I brought the issue up with an administrator who said that there had been recent complaints from a black student who had been called the N-word by another student. I realized that this wasn’t just an issue for me, but an issue for any student who had a cultural identity that was different from the mainstream.

It became clear to me that I had an opportunity to create something to nurture a greater tolerance and understanding of difference that could benefit all students, not just those from minority groups but also those from the majority; empathy for others is a key social-emotional skill that everyone can take advantage of.

World Religions & Cultures Club 2018

Out of this need, I started the World Religions and Cultures Club, a safe space where students could engage in candid group discussions about different cultural and religious identities without the fear of remaining PC or saying the wrong thing. The club was built to encourage students to be curious and vulnerable and practice empathetic listening in cultural dialogues.

Each monthly meeting focused on a different religious or cultural group and was led by a local faith or cultural leader. Over the course of the semester, we had leaders from the Buddhist, Jewish, Christian, and Black – Canadian communities visit our club and share their personal experiences and important cultural artifacts. We also prepared and shared religiously significant food at each meeting – in Judaism and many other cultures, the sharing of food is a keyway to be immersed in a new tradition. I provided the group with discussion questions to prompt reflection on the root causes of oppression and prejudice but students had the opportunity to guide the conversation in any direction that they wanted the group to consider. We sat in a circle, creating an equal space for students to share, explore and learn from each other.

The club also put up posters around the school to introduce different holidays celebrated around Christmas by other religious and cultural groups. The colorful posters were affixed in every hallway and room throughout the school. That year, green and red were not the only colours that were displayed.

Our most notable accomplishment was inviting a Holocaust survivor to speak to our student body and to other community members. This was a fixture of my educational experience in Los Angeles. Julius Maslovat was the youngest survivor of the Buchenwald concentration camp. He came to our school from Victoria to tell his story, one of great courage, sadness, and chance. When he had finished, many students and teachers had tears in their eyes. He received three standing ovations.

Peter Levitt, a local Buddhist faith leader, talks with students of the Gulf Islands Secondary School.

At the root of it, the club aimed to empower individuals to understand people who seemed different from them, approach them with curiosity and empathy, and to use their voice to speak out against injustice. Those who attended events at the World Religions and Culture Club left with a greater capacity to practice these social-emotional skills.

I have taken these lessons with me when I have encountered further instances of prejudice, either directed towards me or someone in my presence. In those moments, I have felt a sense of courage to use my voice instead of staying silent.

Sometime later, I approached the boy who made the comment about the chef’s hat. With composure and kindness, I told him how his comments had affected me and shared with him the cultural significance of the Kippah, the head covering that is not a hat at all, but a sign of respect for God during prayer for many religious Jews.
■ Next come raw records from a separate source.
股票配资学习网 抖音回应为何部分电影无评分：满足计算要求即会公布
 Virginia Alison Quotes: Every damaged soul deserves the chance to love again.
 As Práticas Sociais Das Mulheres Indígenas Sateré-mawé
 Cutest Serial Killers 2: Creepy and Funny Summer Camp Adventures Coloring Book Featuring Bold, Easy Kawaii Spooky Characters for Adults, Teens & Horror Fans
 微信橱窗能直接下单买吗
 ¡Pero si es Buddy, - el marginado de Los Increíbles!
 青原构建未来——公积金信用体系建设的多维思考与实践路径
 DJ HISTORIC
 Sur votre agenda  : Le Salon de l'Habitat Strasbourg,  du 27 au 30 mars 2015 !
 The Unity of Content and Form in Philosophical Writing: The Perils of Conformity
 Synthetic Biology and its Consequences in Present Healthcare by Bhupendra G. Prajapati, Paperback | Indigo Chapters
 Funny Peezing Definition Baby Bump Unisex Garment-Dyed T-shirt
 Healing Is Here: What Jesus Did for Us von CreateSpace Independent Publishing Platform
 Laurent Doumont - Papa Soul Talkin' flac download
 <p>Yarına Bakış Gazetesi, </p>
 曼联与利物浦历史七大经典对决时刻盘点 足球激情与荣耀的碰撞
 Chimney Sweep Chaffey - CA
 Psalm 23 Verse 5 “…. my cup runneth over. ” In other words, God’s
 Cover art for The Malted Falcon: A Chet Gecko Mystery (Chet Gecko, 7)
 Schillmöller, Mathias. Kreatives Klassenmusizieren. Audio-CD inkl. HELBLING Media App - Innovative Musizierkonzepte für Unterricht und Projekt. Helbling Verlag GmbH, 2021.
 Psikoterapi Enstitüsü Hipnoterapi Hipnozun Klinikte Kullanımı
His response was quite unexpected. He told me that he himself was Jewish! He had been unaware of the harm that he had caused and apologized. We laughed it off and have remained on good terms. I was fortunate that we were both able to lead with curiosity and compassion for one another to come to a place of commonality despite our differences.

Adele Mark is a fourth-year undergraduate student studying Sociology and Global Development Studies at the University of Victoria. She was involved in the Pass It On program in high school at Gulf Islands Secondary School. She has held a student work position with The Circle Education since 2021.